(Data shown)

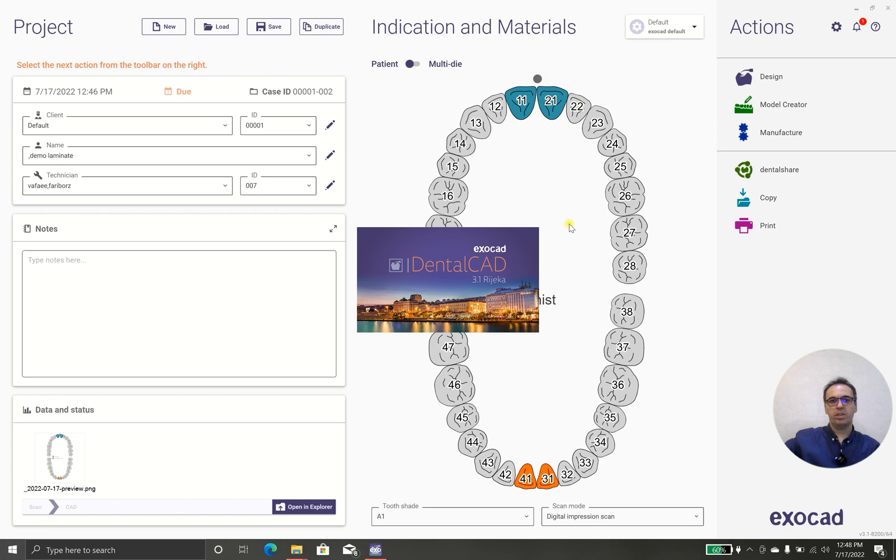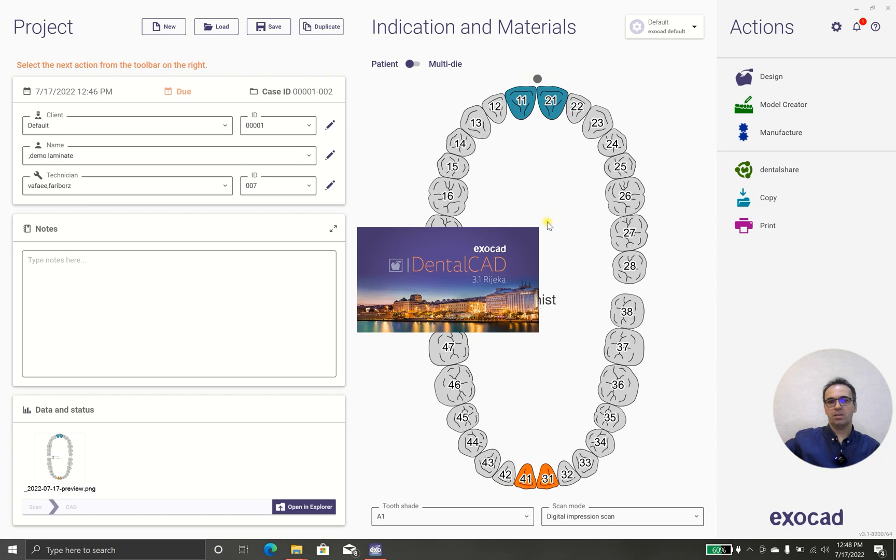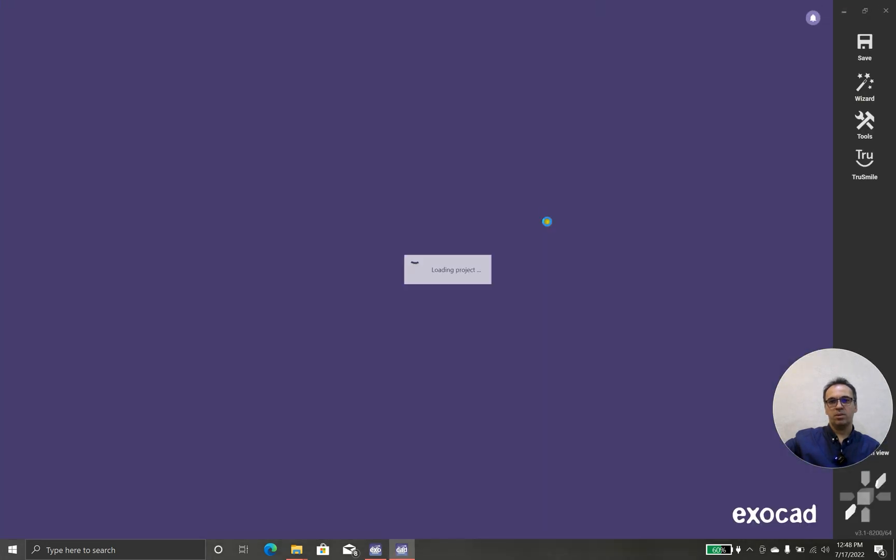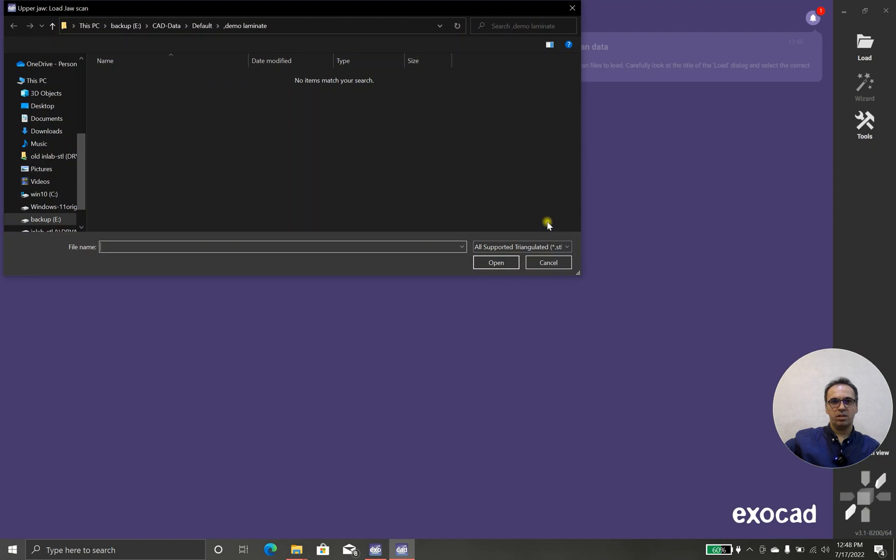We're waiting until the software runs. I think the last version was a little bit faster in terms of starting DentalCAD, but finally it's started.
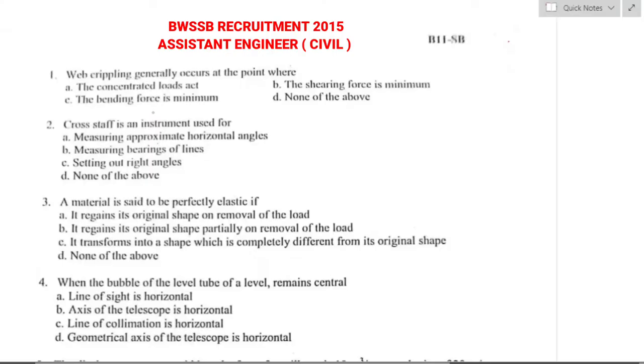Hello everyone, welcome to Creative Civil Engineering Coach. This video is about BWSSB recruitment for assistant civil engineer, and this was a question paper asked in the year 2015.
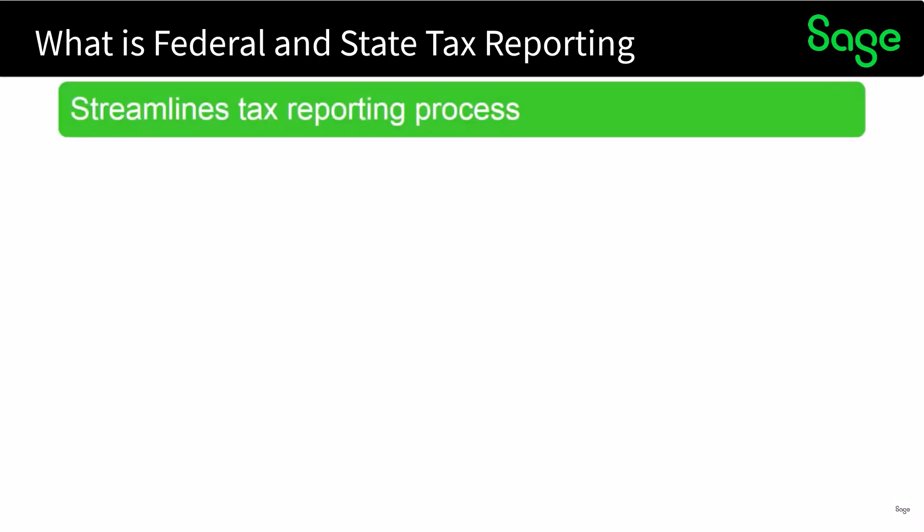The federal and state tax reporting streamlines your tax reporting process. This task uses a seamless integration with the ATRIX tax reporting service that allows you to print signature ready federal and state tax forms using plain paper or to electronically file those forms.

(End Data shown)

**Exercise objective:** Nothing but the pictures is to be left out; repeat the data exactly.

**Response box:**
We're waiting until the software runs. I think the last version was a little bit faster in terms of starting DentalCAD, but finally it's started.
Hello everyone, welcome to Creative Civil Engineering Coach. This video is about BWSSB recruitment for assistant civil engineer, and this was a question paper asked in the year 2015.
The federal and state tax reporting streamlines your tax reporting process. This task uses a seamless integration with the ATRIX tax reporting service that allows you to print signature ready federal and state tax forms using plain paper or to electronically file those forms.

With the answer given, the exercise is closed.